Renaming places lowers ties between India and China:

  • China has recently attempted to rename 11 places in Arunachal Pradesh.
  • The Chinese Ministry of Civil Affairs said it would “standardise” 11 place names in what China calls “South Tibet or Zangnan”, an area consistently controlled by India.
  • India has summarily rejected China’s attempt to lay claim over areas of Arunachal Pradesh.
  • It is China’s third list since 2017.
  • It is seen as a deliberate affront to India’s territorial sovereignty.
  • The Ministry of External Affairs statement, that “invented names” will not alter the reality that Arunachal Pradesh is an integral part of India, mirrors what India had said in 2021 when China “renamed” 15 places.
  • Previous attempts to rename places:
    • In 2017:
      • The move to rename places in Arunachal Pradesh in 2017was seen as retaliation after the Dalai Lama’s visit to Tawang.
      • In 2017, there were six names.
    • In 2021:
      • In 2021, the move followed China’s new “Land and State Border Law”, that virtually authorised the government to reclaim territories claimed by China.
      • It was seen as a way to reassert its claim over the State as a whole.

What could be the factors behind such move?
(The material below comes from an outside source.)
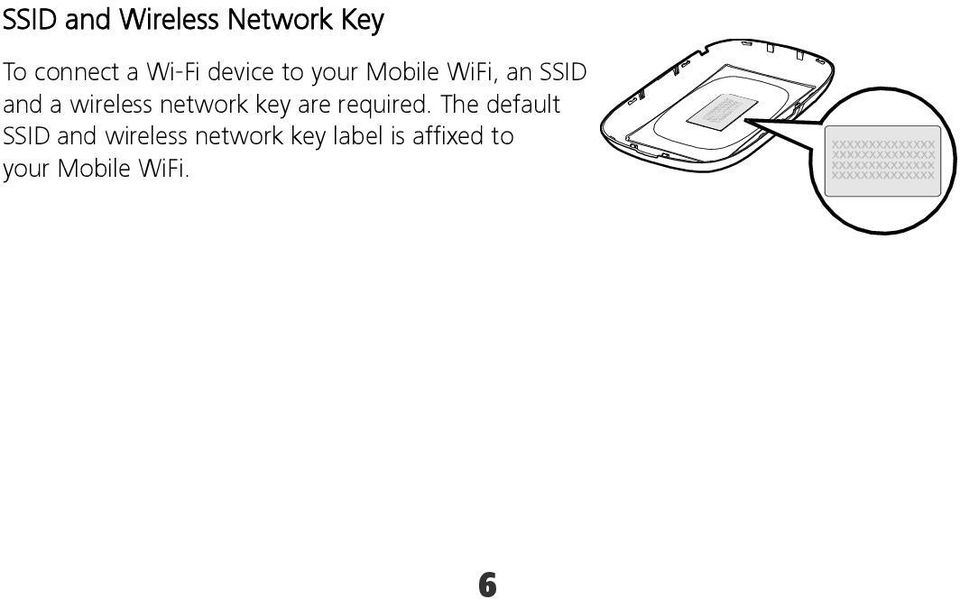 network key are required.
  • Indian Army Thwarted attempt by China’s PLA to transgress LAC:
    • The Indian Army rebuffed a PLA attempt to take over a post at Yangtse in the Tawang sector of the Line of Actual Control (LAC) in December 2022.
  • G20 meeting in Itanagar:
    • New Delhi’s decision to hold a G20 engagement group meeting on Innovation technology in Itanagar was boycotted by the Chinese embassy had boycotted.
  • Lack of meaningful dialogue:
    • The move by Chinese also reflects deteriorating ties and and the lack of meaningful dialogue for three years since the amassing of Chinese troops at the LAC in 2020 and transgressions that have led to scuffles, including the deadly encounter at Galwan.
    • Though many talk have been held and there has been disengagement at some standoff points, political relations have not been resumed.


Although the Government counters China’s false narrative and a renaming of areas that are firmly within India’s boundaries, it will be hard to prepare for a future course of action if it does not probe the reasons behind China’s moves and the motivation for its persistent aggressions.